The Kerbeleg Mandala Garden Project
This mandala garden project was a bit ambitious, our first steps in permaculture, and we don’t know yet where it will lead us, but we want to give back to the mother earth a worthy space to blossom. With a bit of luck, after more or less successful attempts, many mistakes, capricious weather, she will give it back to us a bit, or in abundance if we let her speak again. Many thanks to Perrine for your help, your inspiration, your contagious energy.
In a little over a month, we turned over, just once to limit the trauma under the ground, these 500m2 of earth, an old lawn that had been tamped down for decades. The seeds are incubating in the office, which has been transformed into a greenhouse under artificial light, and we need to get them out into the open air as soon as possible. The graphic inspirations came from the days, offering a winding circulation to get lost among the squashes, potatoes, carrots and other delights that nature offers us.
Next year, weather permitting, we will build our wooden greenhouse before, perhaps, introducing animals, who knows…
Also follow the steps in chronological order in pictures:
Why a mandala garden?
Mandala gardening is an ancient practice that originated in Asia, particularly in India and Tibet. The word “mandala” means circle in Sanskrit and Tibetan, and refers to a sacred symbol used in Buddhist and Hindu spiritual and religious practices. The mandala is considered to be a tool for meditation and contemplation.

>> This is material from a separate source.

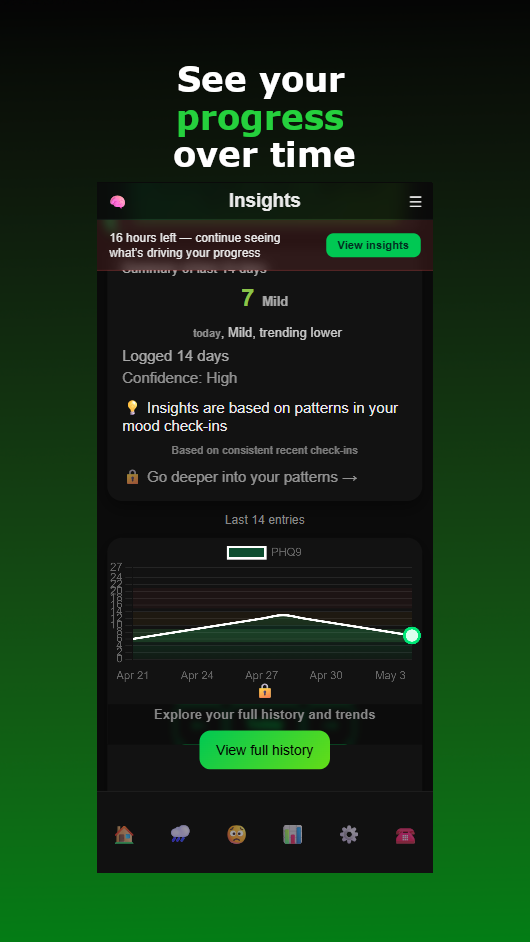 http://Screenshot%20Private%20Mental%20Health%20Tracking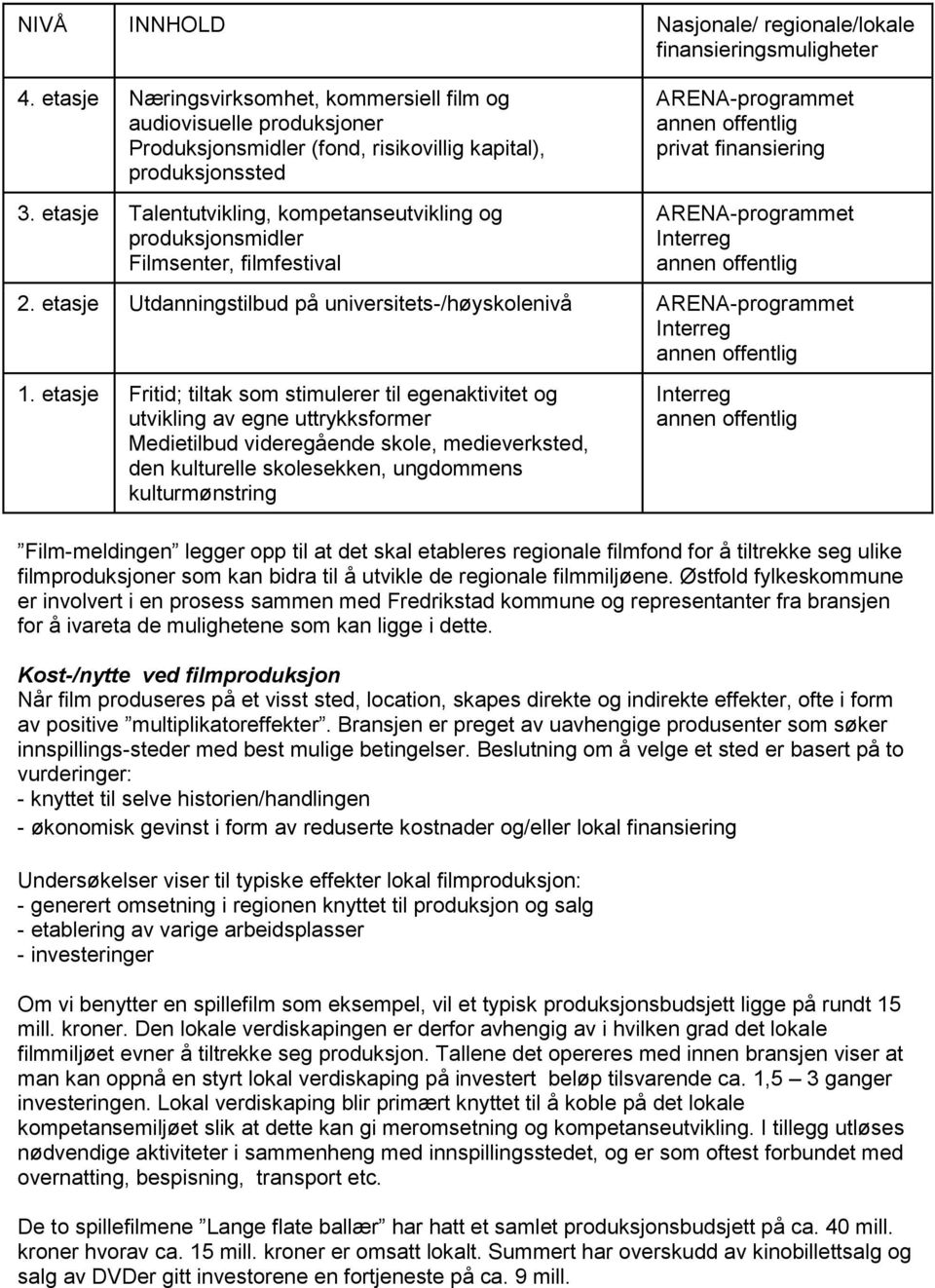 etasje Talentutvikling, kompetanseutvikling og produksjonsmidler Filmsenter, filmfestival ARENA-programmet Interreg annen offentlig 2.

The mandala vegetable garden is an adaptation of this concept, which consists of creating a vegetable garden organised in concentric circles. The garden is divided into sections, each dedicated to a specific variety of plants. The choice of plants is usually based on their therapeutic and culinary properties, as well as their ability to attract pollinators.
The mandala garden is seen as a way to grow healthy food while honouring the land and the plants that produce it. It also symbolises the unity of nature and the connection between living beings.
Today, the mandala garden is becoming increasingly popular around the world, especially among people interested in organic farming, permaculture and sustainable gardening practices.
When were the first mandala gardens created?
It is difficult to determine exactly where the earliest traces of mandala gardening can be found in the world, as the practice has a long history in several Asian cultures. However, some sources indicate that the first mandala gardens were created in India over 2,000 years ago.
The mandala garden was originally used as a teaching tool for Buddhist monks, who grew medicinal plants and herbs for their healing properties. The mandala garden was also considered a place for meditation and contemplation, where monks could connect with nature and strengthen their spiritual practice.
The mandala garden later spread to other Asian countries, notably Tibet, where it was used for similar purposes. Today, the mandala garden is becoming increasingly popular around the world, especially in Europe and the United States, where it is valued for its beauty, effectiveness and sustainability.